In the early 17th century the genre of opera emerged. During Lent performances of operas were prohibited, and as an alternative oratorios were performed. Many composers of the second half of the 17th and the first half of the 18th century contributed to this genre. At the same time music was written for liturgical performance, such as settings of the Lamentations of Jeremiah, the Tenebrae Reponsoria which are connected to them, and settings of the Stabat mater. The programme of this disc concentrates on the two latter categories. The programme-notes explain the liturgical context but are rather short on information about the composers and the character of the music.
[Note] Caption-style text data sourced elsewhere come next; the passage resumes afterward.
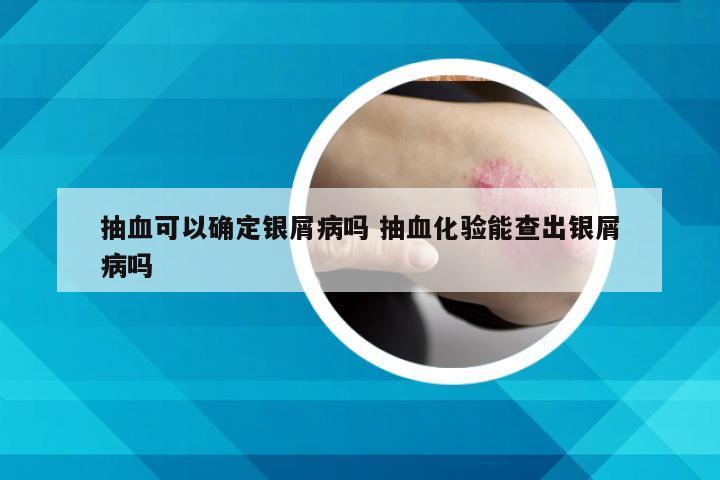 抽血可以确定银屑病吗 抽血化验能查出银屑病吗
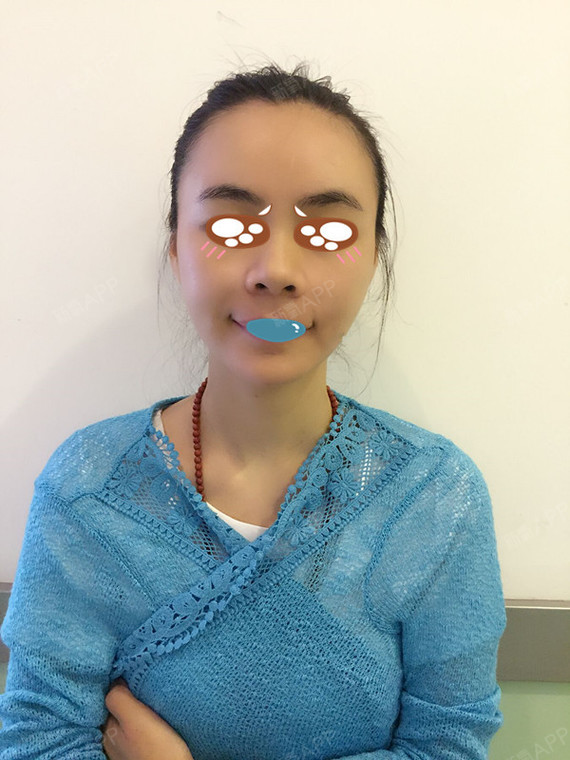 今天术后十天了,来两张照片给大家看看,朋友都说恢复得很好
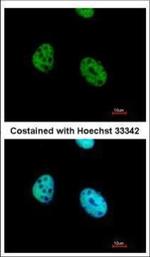 ATF7 Polyclonal Antibody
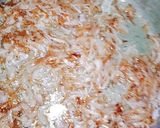 A picture of step 1 of Mutton Biryani.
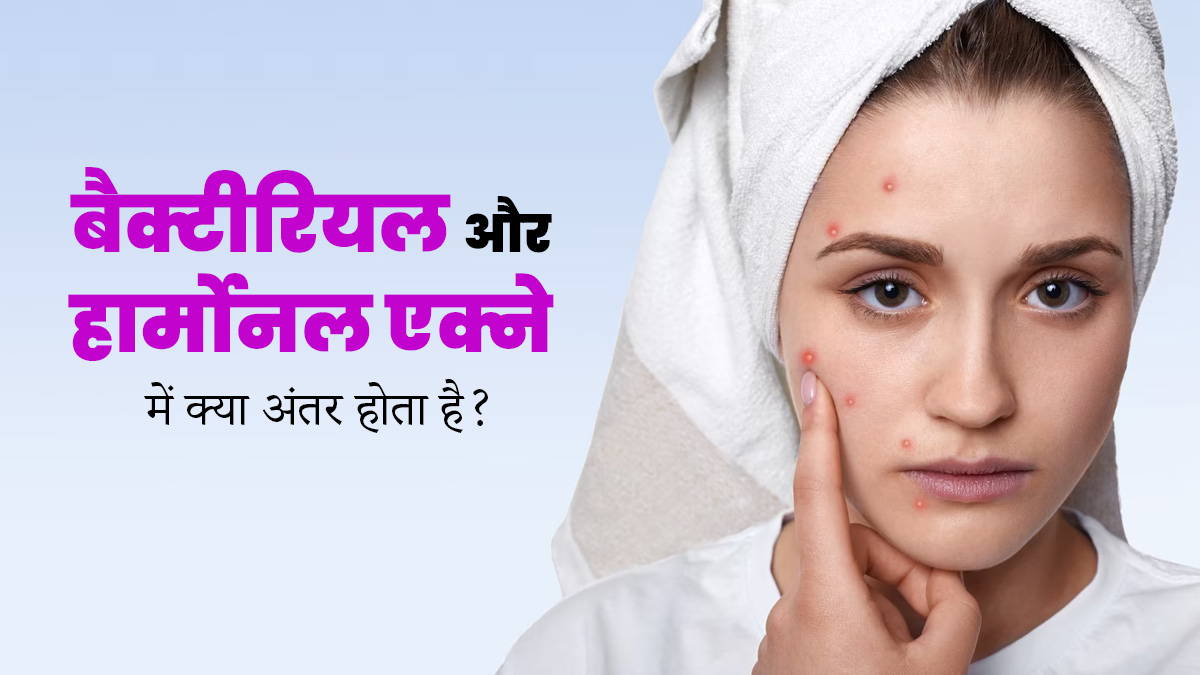 बैक्टीरियल और हार्मोनल एक्ने में क्या अंतर होता है? जानें कैसे करें बचाव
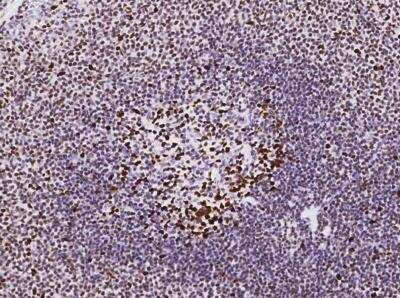 Immunohistochemistry-Paraffin: MSH6 Antibody (035) [NBP2-89265]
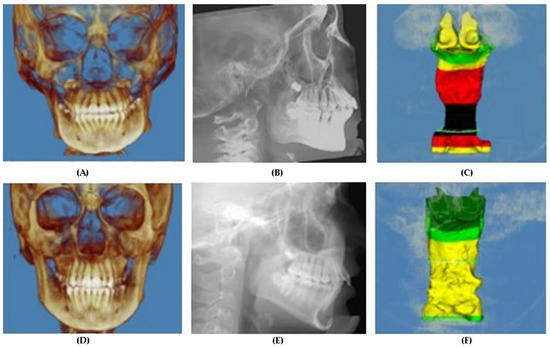 A 3D CBCT Analysis of Airway and Cephalometric Values in Patients ...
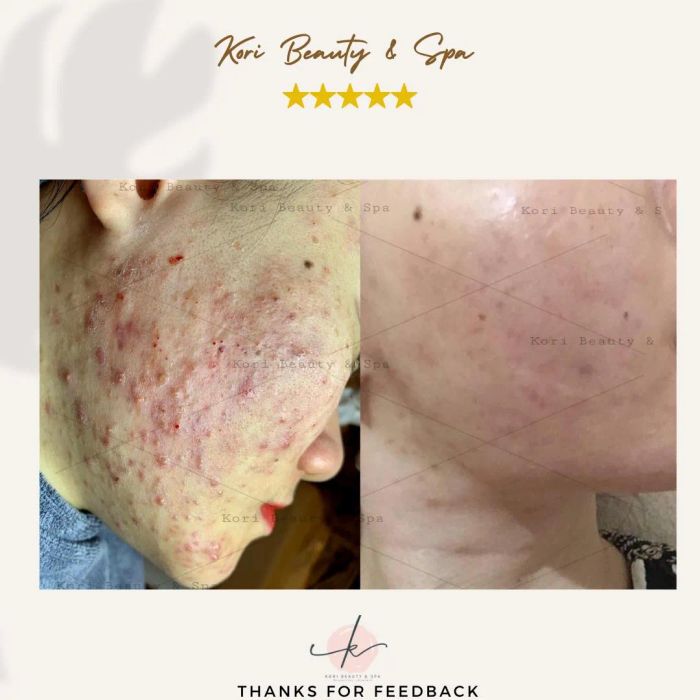 Hình ảnh không gian trị liệu đẳng cấp tại Kori Beauty & Spa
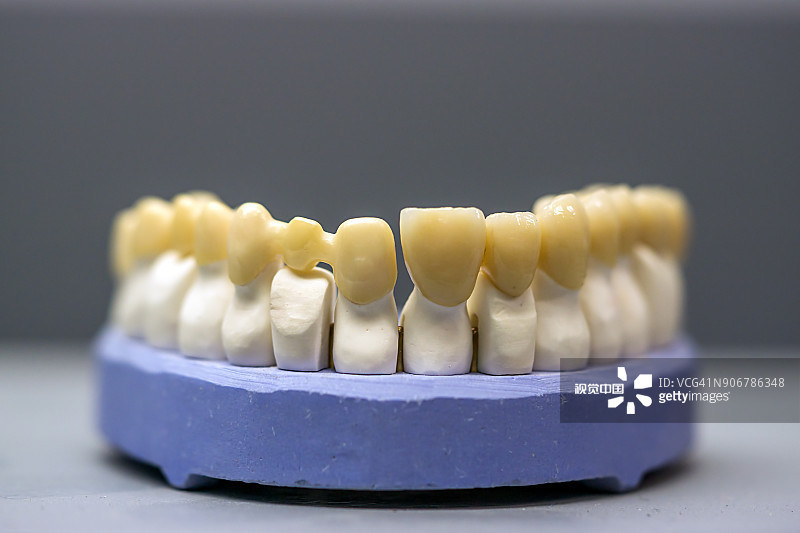 Vertrouw op Yucera STwhite Zirconia Materialen voor Duurzame en Esthetisch Superieure Tandheelkundige Resultaten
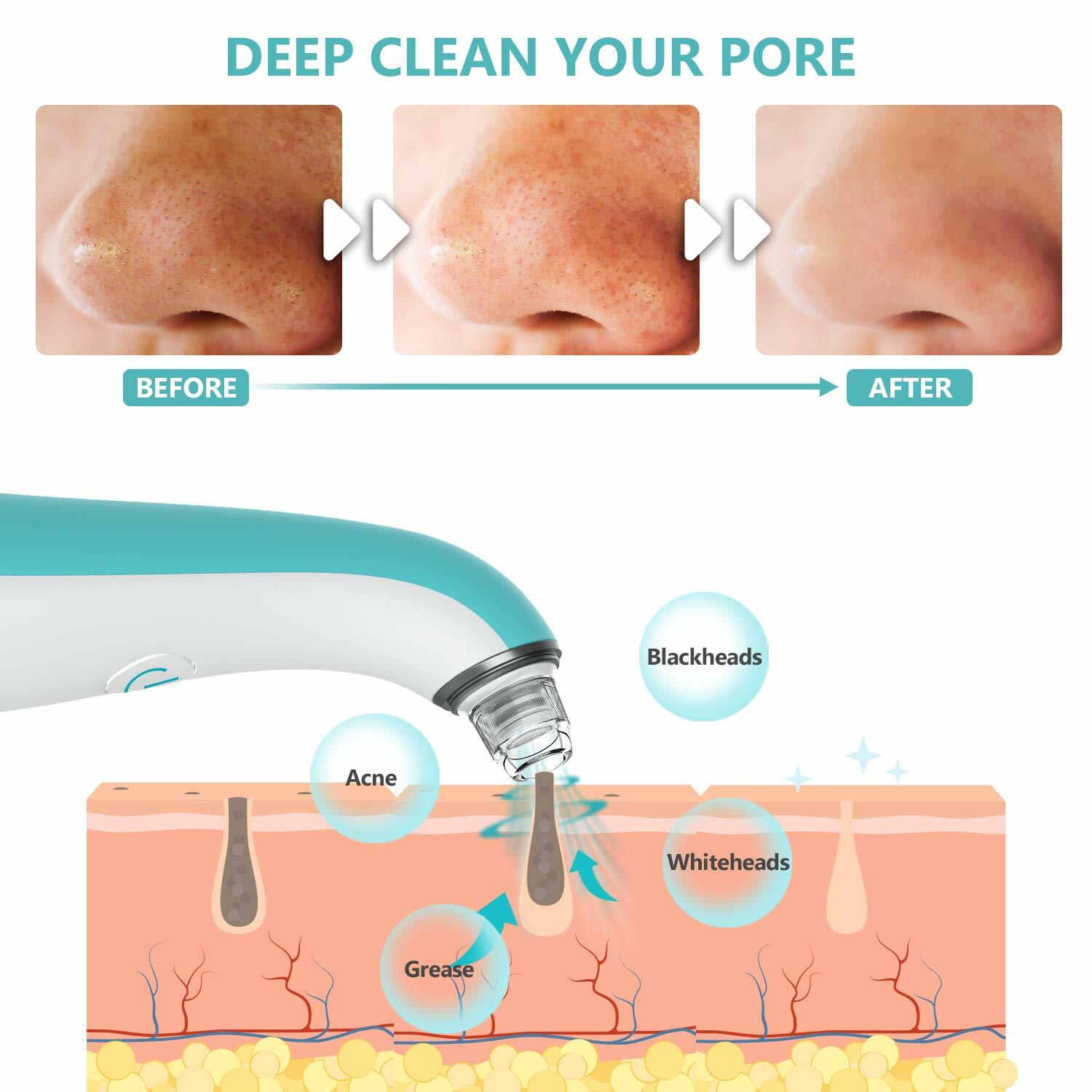 Blackhead Remover Pore Vacuum with 4 Replaceable Suction Probes Light Blue NEW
There are no references to the sources or to the original scoring of the pieces performed here. In the case of the nine Responsoria for Holy Saturday by Ludovico Grossi da Viadana that is particularly regrettable. Viadana is often considered as the first composer to write music with a basso continuo part. Strictly speaking that is not correct, and the performance of the Responsoria by a solo voice isn't an indication of the concertante style of the baroque era. The only collection of Responsoria in the work-list in New Grove is Viadana's op. 23, the Responsoria ad lamentationes, liber primus, which was printed in 1609. These are rooted in the stile antico and the four parts are divided over voice, sackbut and organ. Performances in which vocal parts were divided over voices and instruments were quite common. That said, this particular scoring is probably less than ideal, especially because here the upper voice dominates whereas in polyphony like this all voices are equal. Alice Habellion is right by avoiding extended ornamentation in early baroque style. "Each response is preceded by its lectio. Here the musicians have intended to give to their reading of the lamentations of Jeremiah its scholastic meaning of lesson simply by displaying the Hebrew letter that organises the different verses and the incipit of each one in an improvised monody", Dominique Habellion writes in the booklet.
These Responsoria are surrounded by other pieces which thematically belong to the Lent period. We hear one setting of a lamentation for Holy Saturday, by Francisco Soler, a Spanish composer who was born and died in Gerona and worked in various churches here and elsewhere as choirmaster. His music is written in the stile antico; the Lamentatio in die Sabbato sancto is for two voices, here divided over voice and sackbut, with the organ playing colla parte. Christus factus est by Giovanni Matteo Asola who worked in Verona, Treviso and Venice, is written in the traditional polyphonic style of Palestrina. His contemporary Gerolamo Ballione (or Baglioni) composed pieces in a concertante style above a bass played at the organ. He was from Milan where this practice was especially popular. In Maria Magdalena con una Canzon francese in soprano the vocal polyphony is interspersed by instrumental passages, here played at the organ.
The two pieces in the modern monodic style are O vos omnes by Cima and Pianto della Madonna by Giovanni Felice Sances. The latter piece is a setting of the Stabat mater and one of the best-known pieces of the 17th century. The two organ pieces by Trabaci have no specific connection to Holy Week, but their daring harmonies make them well suited to be included in a programme like this.
The largest part of this disc comprises hardly-known compositions by various composers who are largely neglected. That even goes for Viadana, who is often mentioned in history books but whose oeuvre is mostly ignored. That makes this disc particularly interesting and important. Its value is further enhanced by the outstanding performances of the four artists. Alice Habellion's singing is quite impressive, not only from a technical point of view - especially Sances's Pianto is demanding - but also stylistically. In every piece she finds the right approach and she pays much attention to the text. This disc is a most welcome addition to the discography of music for Holy Week.